*Work to complete*
Reproduce the records below exactly, but only between the lines holding "Điều gì xảy" and "Hatay’da inşaat alanında", inclusive.

*Given records*
|---|
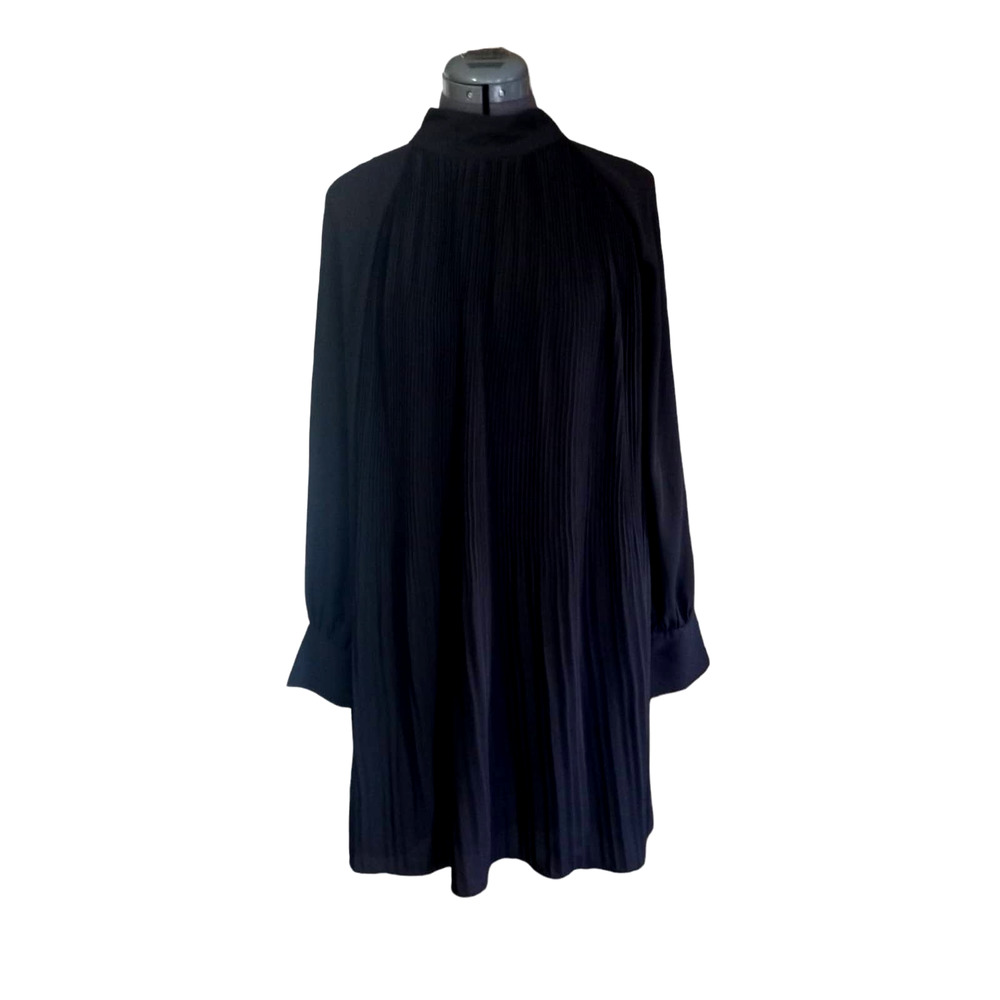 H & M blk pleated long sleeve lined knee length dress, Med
|---|
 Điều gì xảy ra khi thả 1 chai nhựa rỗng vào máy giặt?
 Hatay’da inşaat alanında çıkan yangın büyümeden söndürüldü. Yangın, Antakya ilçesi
|---|
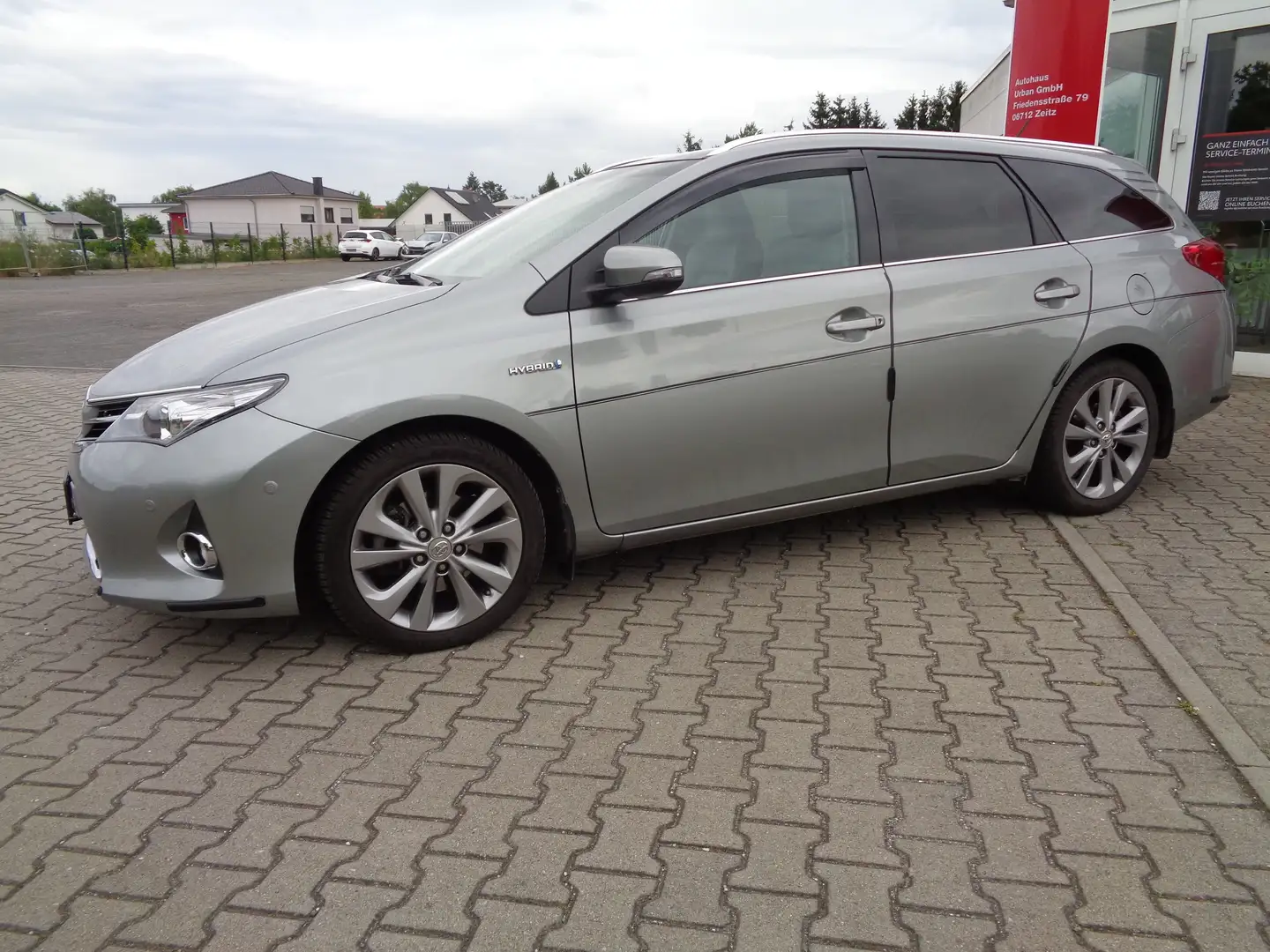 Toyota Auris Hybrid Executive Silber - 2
|---|
*Solution to the exercise*
 Điều gì xảy ra khi thả 1 chai nhựa rỗng vào máy giặt?
 Hatay’da inşaat alanında çıkan yangın büyümeden söndürüldü. Yangın, Antakya ilçesi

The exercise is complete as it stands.